▸ WHAT THE TASK REQUIRES
Here the job is to transcribe only the lines from the one containing "ベビー服 男の子 綿100％" through the last line below, exactly as written; please leave out pictures.

▸ AVAILABLE DATA
== Segment start ==
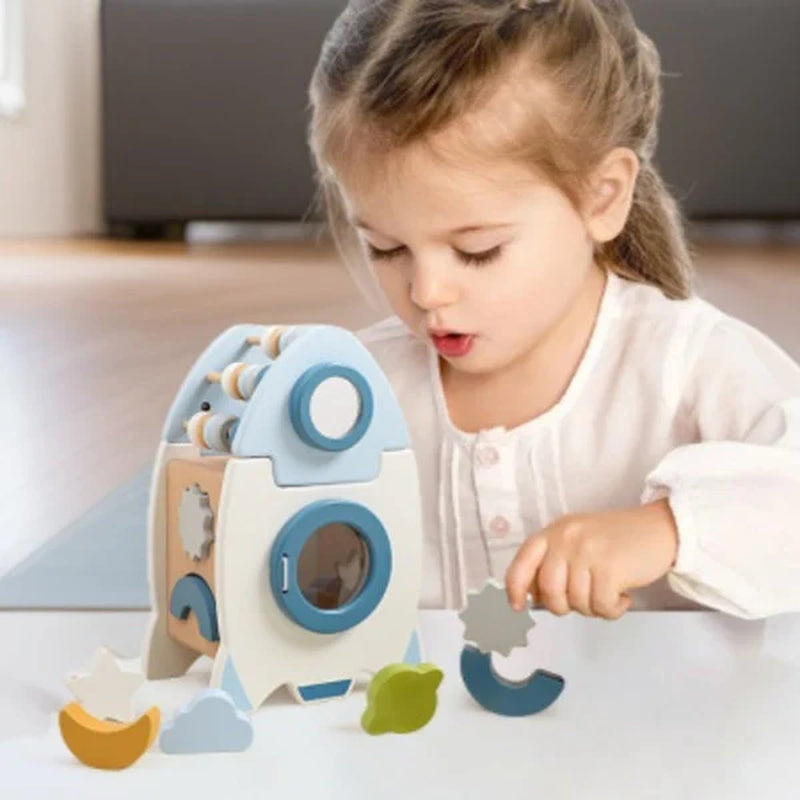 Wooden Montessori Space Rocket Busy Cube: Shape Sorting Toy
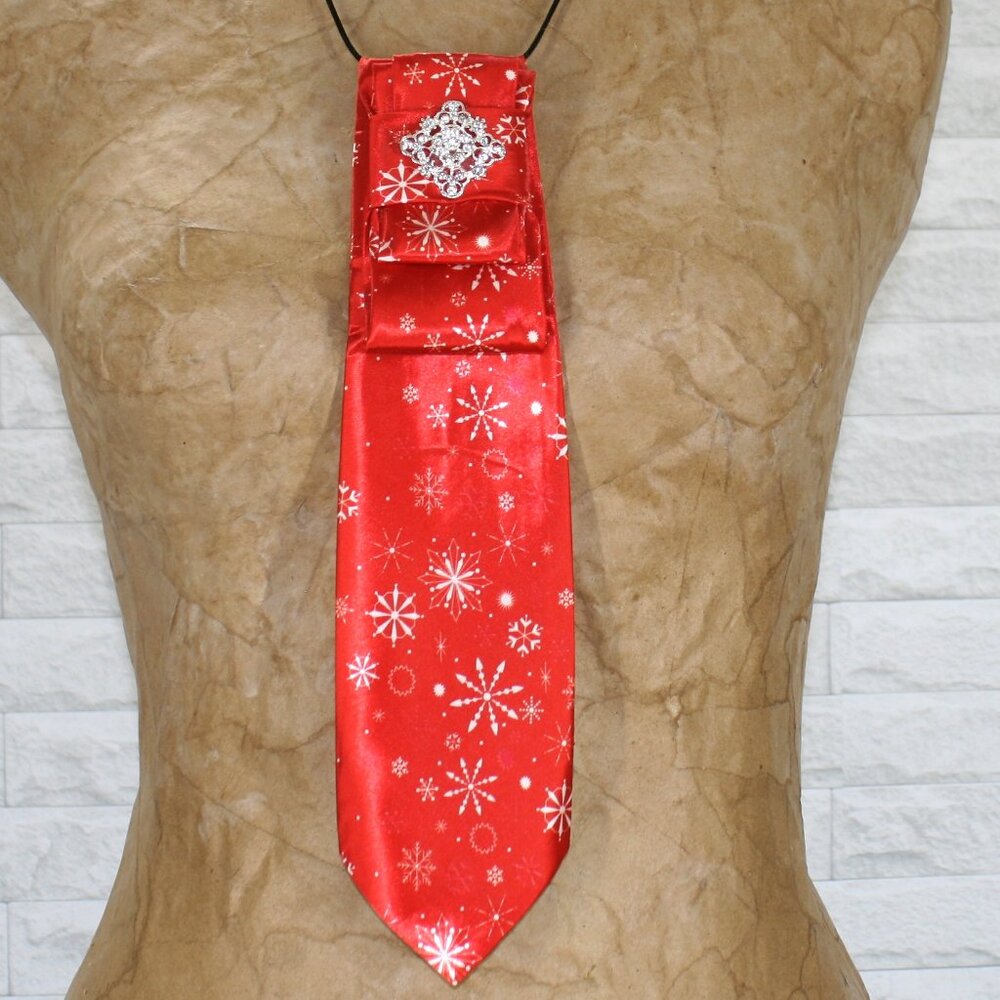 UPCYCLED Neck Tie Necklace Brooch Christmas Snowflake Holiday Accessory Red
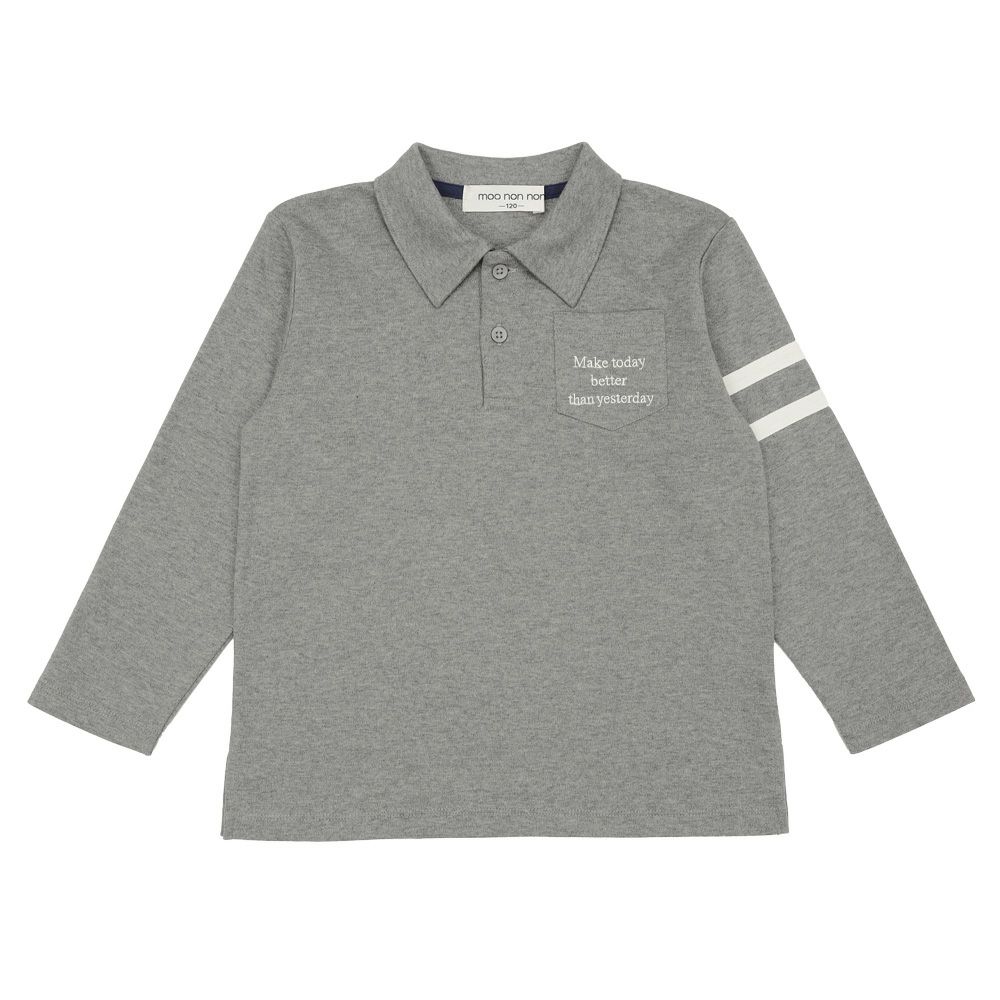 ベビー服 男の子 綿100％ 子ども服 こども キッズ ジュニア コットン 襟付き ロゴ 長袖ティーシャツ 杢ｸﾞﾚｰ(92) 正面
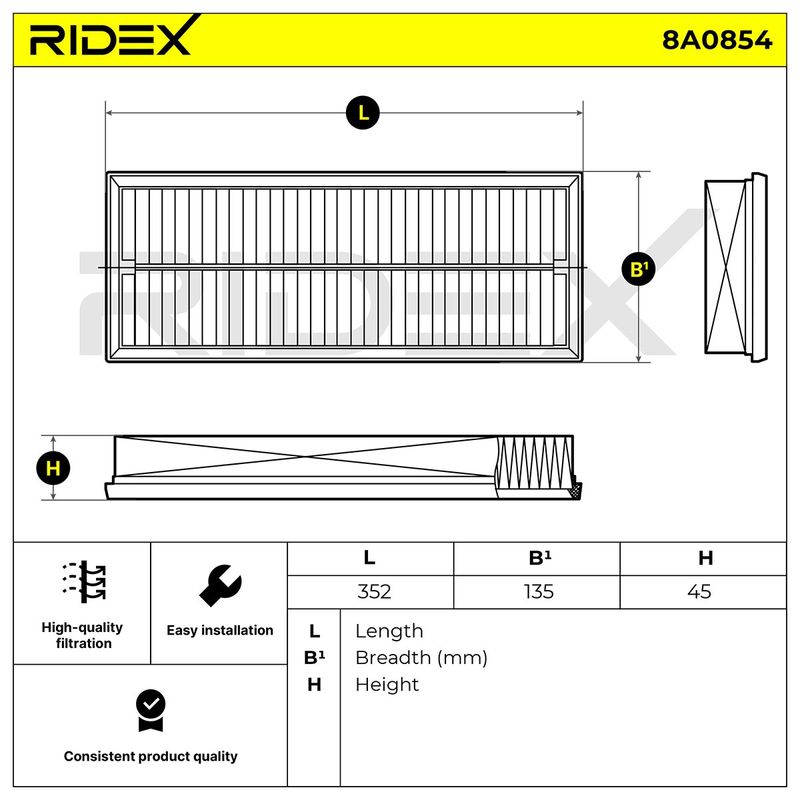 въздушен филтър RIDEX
== Segment end ==
▸ RESULT OF THE TASK
 ベビー服 男の子 綿100％ 子ども服 こども キッズ ジュニア コットン 襟付き ロゴ 長袖ティーシャツ 杢ｸﾞﾚｰ(92) 正面
 въздушен филтър RIDEX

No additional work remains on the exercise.